It was intended to restore the thread to normal but unfortunately there has been an unexpected delay. We have now restored the thread for general information purposes but it has temporarily been locked to avoid uninformed comments being added and out of respect for the parties involved - it's not an issue of secrecy but one of privacy - please respect this so we can help resolve the situation which should be completed by next week and peace and harmony can return to TT land.
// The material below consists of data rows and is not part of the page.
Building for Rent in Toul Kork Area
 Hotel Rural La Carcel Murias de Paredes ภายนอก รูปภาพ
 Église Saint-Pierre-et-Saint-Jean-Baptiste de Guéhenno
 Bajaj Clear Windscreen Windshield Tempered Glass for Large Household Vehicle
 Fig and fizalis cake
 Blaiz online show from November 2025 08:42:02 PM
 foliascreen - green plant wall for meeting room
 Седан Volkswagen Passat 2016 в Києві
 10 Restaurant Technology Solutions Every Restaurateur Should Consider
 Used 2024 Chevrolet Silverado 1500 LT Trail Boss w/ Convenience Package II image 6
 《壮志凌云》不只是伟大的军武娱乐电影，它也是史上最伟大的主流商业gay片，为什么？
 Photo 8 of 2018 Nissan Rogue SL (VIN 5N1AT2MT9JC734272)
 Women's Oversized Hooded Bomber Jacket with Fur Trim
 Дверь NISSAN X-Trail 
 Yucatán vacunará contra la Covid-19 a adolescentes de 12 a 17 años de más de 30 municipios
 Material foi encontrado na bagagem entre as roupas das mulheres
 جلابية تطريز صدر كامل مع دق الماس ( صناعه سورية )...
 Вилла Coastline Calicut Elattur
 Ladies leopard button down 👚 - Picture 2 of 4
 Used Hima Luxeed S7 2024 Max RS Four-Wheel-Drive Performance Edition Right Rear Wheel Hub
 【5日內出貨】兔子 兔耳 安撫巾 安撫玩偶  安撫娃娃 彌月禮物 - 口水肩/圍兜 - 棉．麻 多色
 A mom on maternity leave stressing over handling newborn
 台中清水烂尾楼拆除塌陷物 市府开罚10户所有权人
Please bear with us


----------



## tony_rigby_uk (Nov 27, 2008)

John-H said:


> We have now restored the thread for general information purposes but it has temporarily been locked to avoid uninformed comments being added and out of respect for the parties involved


Ya can remove it again now, I've copied the stripped pics that'll help me out.

Cheers.


----------



## wul (Feb 10, 2009)

tony_rigby_uk said:


> John-H said:
> 
> 
> > We have now restored the thread for general information purposes but it has temporarily been locked to avoid uninformed comments being added and out of respect for the parties involved
> ...


 :lol: :lol: :lol: brilliant pml.


----------



## tony_rigby_uk (Nov 27, 2008)

wul said:


> :lol: :lol: :lol: brilliant pml.


What ?

Told you i didn't care about the politics, if the TTF mods & Admins wanted it gone then thats there problem :roll:, I think it was a good post with lots of info.. (some of which i needed) and now i've got that info, they can do what they like with it... :lol:

I do still think it's a good resource, hense i've got what i needed... :lol: :lol: :lol:


----------



## CamV6 (Oct 26, 2003)

Well, I've no idea of the history but months after paying this guy STILL hasnt delivered the goods I paid him for and despite repeated promised to refund via paypal and then by cheque and endless excuses I still dont have my £40 back :evil:


----------